The Struggles of a Tenant Farmer

When crops were sold in the fall of each year, tenant farmers hoped to have enough money to pay landowners the rent for the house they lived in and the land they farmed and to pay merchants for food they had bought on credit during the year. Sharecroppers hoped to pay landowners for rent of a house and land as well as for farming supplies and tools; they also hoped to pay local merchants for the food they had bought during the year.

Often the crops did not bring in enough money, and the tenants and sharecroppers went into debt. One way they could continue farming was to sign chattel mortgages, in which they promised to pay back the money they owed. In this contract they conveyed certain items of personal property to the person to whom they owed money. If they paid their debt, these items would not be sold. But if they failed to pay their debt, the mortgage allowed the person to whom money was owed to sell the conveyed items to pay off the debt.

The W. R. Miller Papers at the State Archives contain many examples of chattel mortgages. Some of these mortgages state that the debtor is a cropper or tenant farmer of C. R. Miller, a landowner in Orange County.

A Chattel Mortgage

A chattel mortgage is transcribed below. It contains many misspellings but is reprinted as it was written, with some editorial corrections for clarity. The farmer, Jessa Buttler (also spelled as Jessy Butler in another document), apparently was unable to read or write and had to sign this mortgage with an X, representing his mark.

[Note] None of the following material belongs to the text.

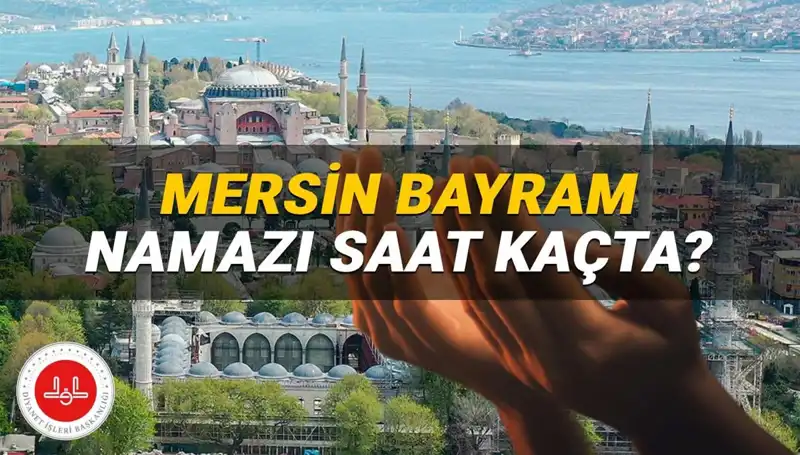Mersin'de 2025 Kurban Bayramı Namazı Ne Zaman, Saat Kaçta?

It is unclear who wrote the document for him.

I Jessa Buttler of the county of Orang in the state of NC am indebit to Chs R. Miller of orang conty in sade state on the sum of eighty eight dollars and twenty cts for which he holds my note to be due on the 15 day of October 1883 and to secure the payment of the same I do hearby conveay to him these articles of personel property to wit my gray horse Charles... 8 years olde and blind and my intire crop of corne wheat oats tobacco shuck foder straw.... I am to farm on Chs R Miller lands....

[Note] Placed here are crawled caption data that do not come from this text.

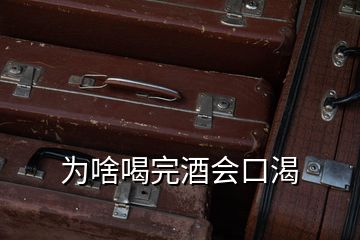 為啥喝完酒會(huì)口渴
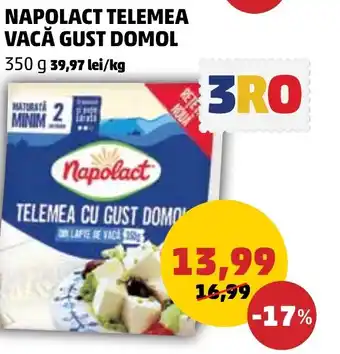 Penny NAPOLACT TELEMEA VACĂ GUST DOMOL Ofertă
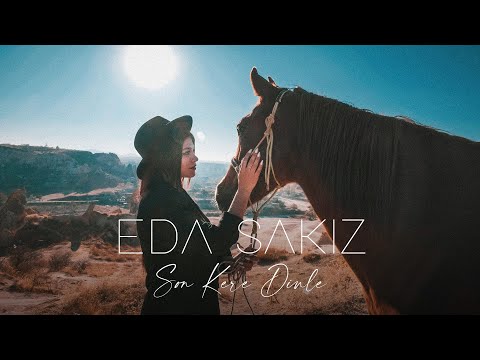 Eda Sakız - Son Kere Dinle (Offical Video)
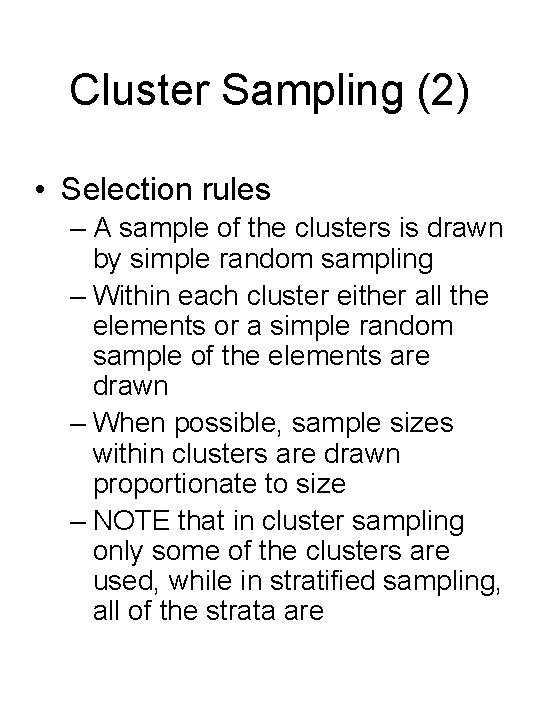 Cluster Sampling (2) • Selection rules – A sample of the clusters is drawn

but on the spec[i]al trust that if I file to pay sade debit and intrest in or before the 15 day October 1883 then he may sell said property or so much thereof as may be ne[ces]sary by public auction for cash first giving twnty days notis at three public places and aply the proceeds of such sales to the discarge of saide debit and intrest on the same and pay any surplus to me giving under my hand and seal this 3 day of March 1883.

Witness: J. W. Miller

My Mark: X Jessa Buttler

An Accounting of Debts

Another document -- you can see the original in the "primary sources" tab -- reflects Mr. Butler’s attempts to pay off his debt. This document, reproduced below, shows the principal of the debt, the interest that was added to the debt, and how much money Mr. Butler owed as of October 26, 1890.

Principal 88.20
Interest from march the 3 1883 to feb. 26 1884  6.92
(11 mos 23 da) 95.12
Paid on bond 30.41
Amt for new principal 64.71
Interest on $64.71 from feb. 26 1884 to Oct. 26 1890 (6 yrs 8 mo) 34.51
Amt due on bond. $99.22
Witness fee at Greensboro 7.00
Amt. Due C. R. Miller $106.22
[Surplus money credited to Mr. Butler after he paid back a different debt]    0.18

Acct Between C. R. Miller 
Jessy Butler. (Colored)

Primary Source Citation: 

[Documents of contracts between Charles R. Miller and Jessy Butler.] W. R. Miller Papers, PC.1437, State Archives of North Carolina, Raleigh, NC.